[Collected material]

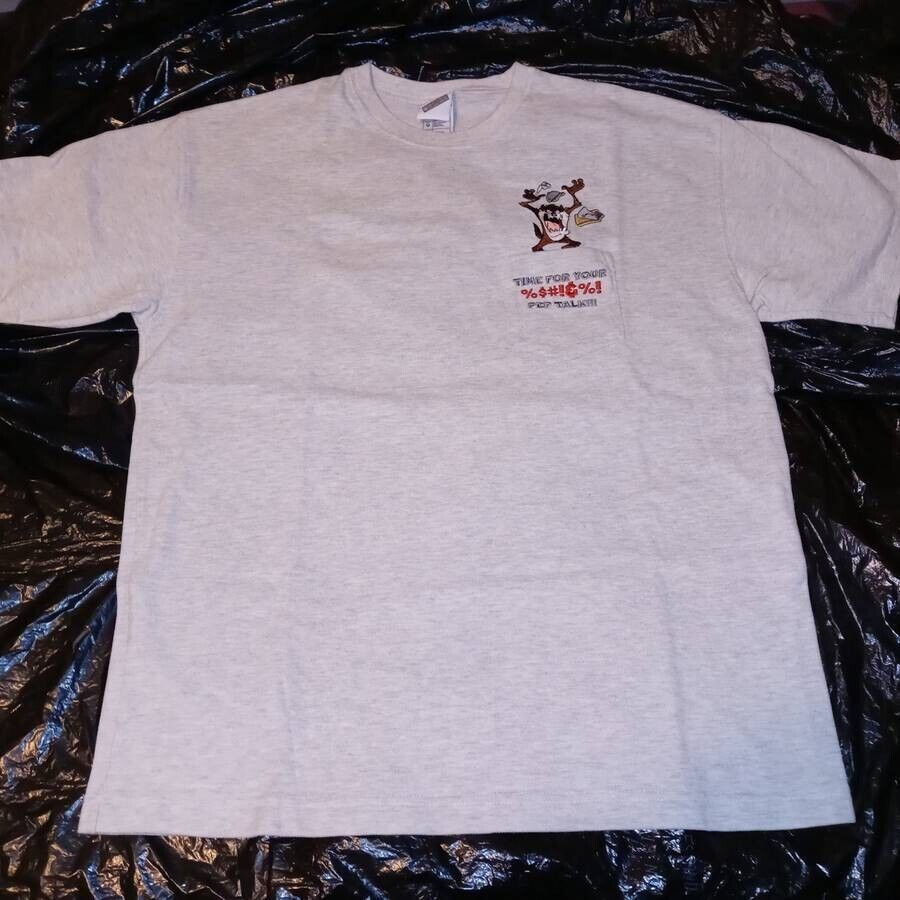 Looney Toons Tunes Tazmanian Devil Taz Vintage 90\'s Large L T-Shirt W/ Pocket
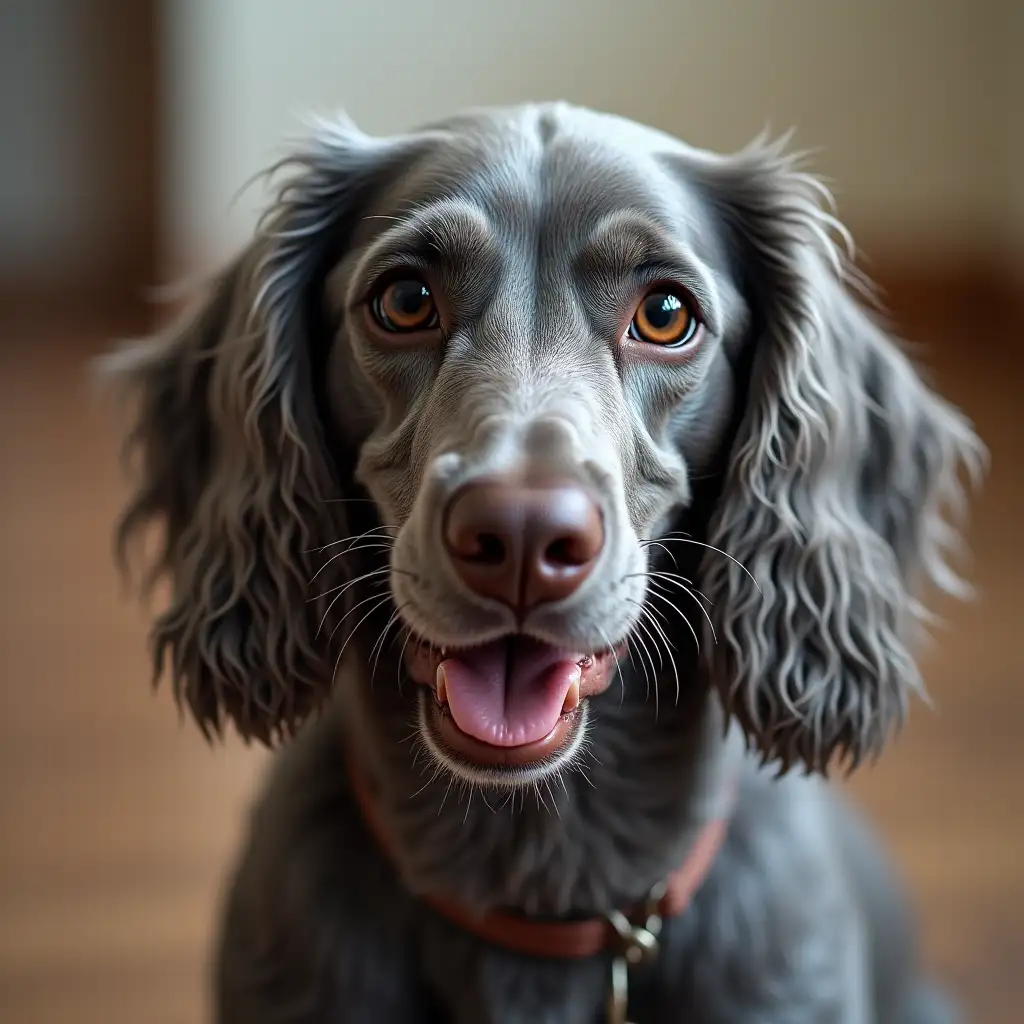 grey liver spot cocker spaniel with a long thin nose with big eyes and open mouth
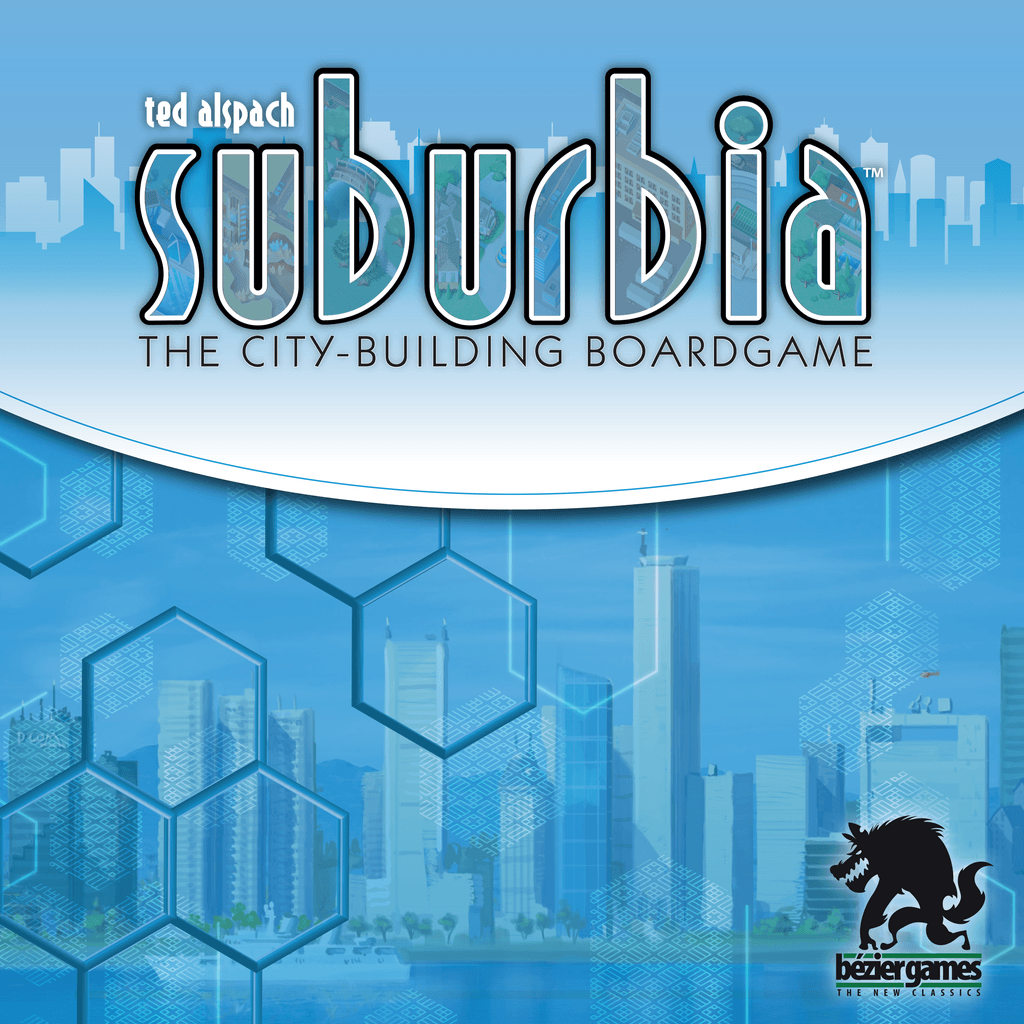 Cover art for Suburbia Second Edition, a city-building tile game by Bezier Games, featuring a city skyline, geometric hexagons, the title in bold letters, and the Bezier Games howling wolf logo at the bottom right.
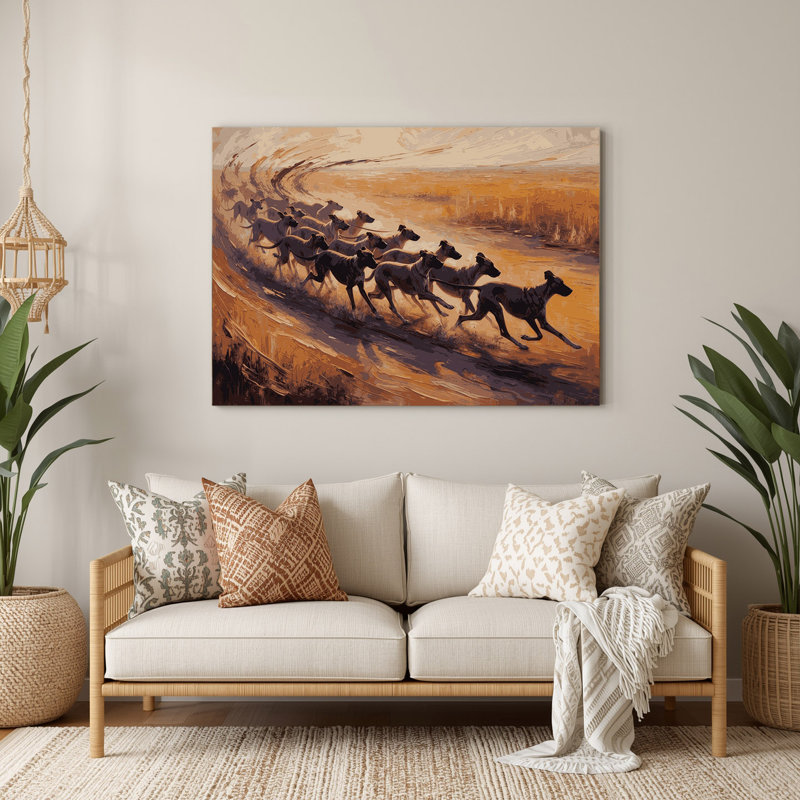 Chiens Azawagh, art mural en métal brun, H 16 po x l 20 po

[/Collected material]

▶ _Work to complete_
Please output each line above exactly and omit all images.

▶ _Answer space_
 Looney Toons Tunes Tazmanian Devil Taz Vintage 90\'s Large L T-Shirt W/ Pocket
 grey liver spot cocker spaniel with a long thin nose with big eyes and open mouth
 Cover art for Suburbia Second Edition, a city-building tile game by Bezier Games, featuring a city skyline, geometric hexagons, the title in bold letters, and the Bezier Games howling wolf logo at the bottom right.
 Chiens Azawagh, art mural en métal brun, H 16 po x l 20 po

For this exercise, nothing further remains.